His smile was twisted and even though my dad was scary and mean, I wanted to run to him, away from that man. “God needed her more than you, Caleb.”
I saw tears well up in my eyes, and I ran to Grandma, hiding my face in her lap. There was a commotion of my dad yelling at the priest and Sean trying to be a mediator and all of us rushing out of the church and never going back. Dad had bought me ice cream afterwards and played a video game with me.

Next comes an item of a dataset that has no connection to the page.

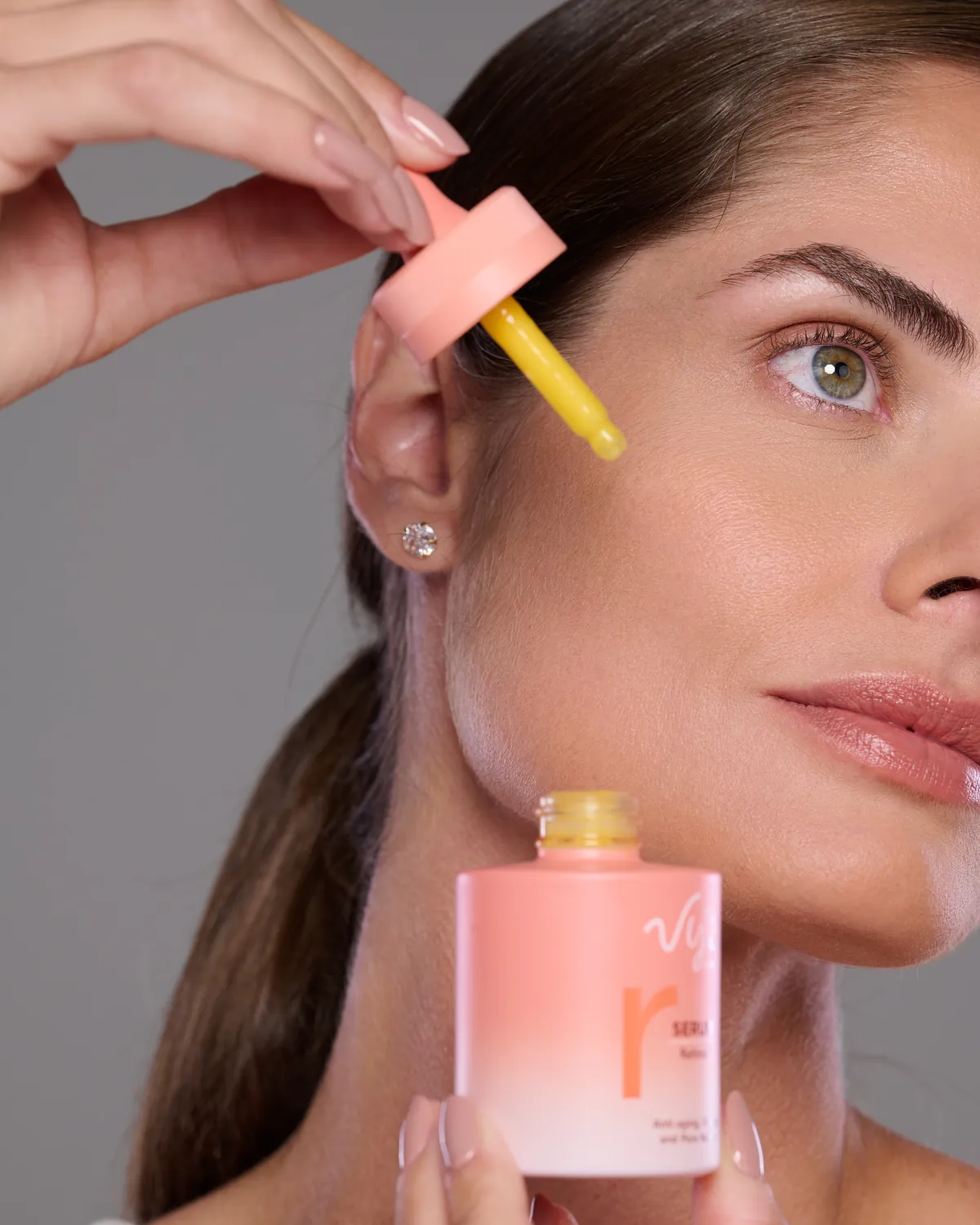 Modelo com a pipeta do Sérum Retinol perto da têmpora. Marcações: da lateral do nariz à têmpora, pela mandíbula e do pescoço para cima; contorno dos olhos excluído.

I was a kid, so I didn’t understand what he meant, but how could God be so cruel that they’d need my mom more than me, more than my dad?
The vision blurred, and it was a funeral. I was at Emma’s mansion. Her mom had passed away. We were nineteen, still dating each other.
I was hiding upstairs in her pink and white room instead of holding her hand as she stuttered through her speech. I should have been a good boyfriend and held her close, but instead, I was having a panic attack.
“Fu—ck,” I cursed, clutching my chest as I sat on the edge of the bed, quick breaths stuttering out of my parted lips.
My mom passed away when I was young, but I remembered her comforting embrace where I was the safest and no one could scold me or hurt me. And she was six feet under the ground.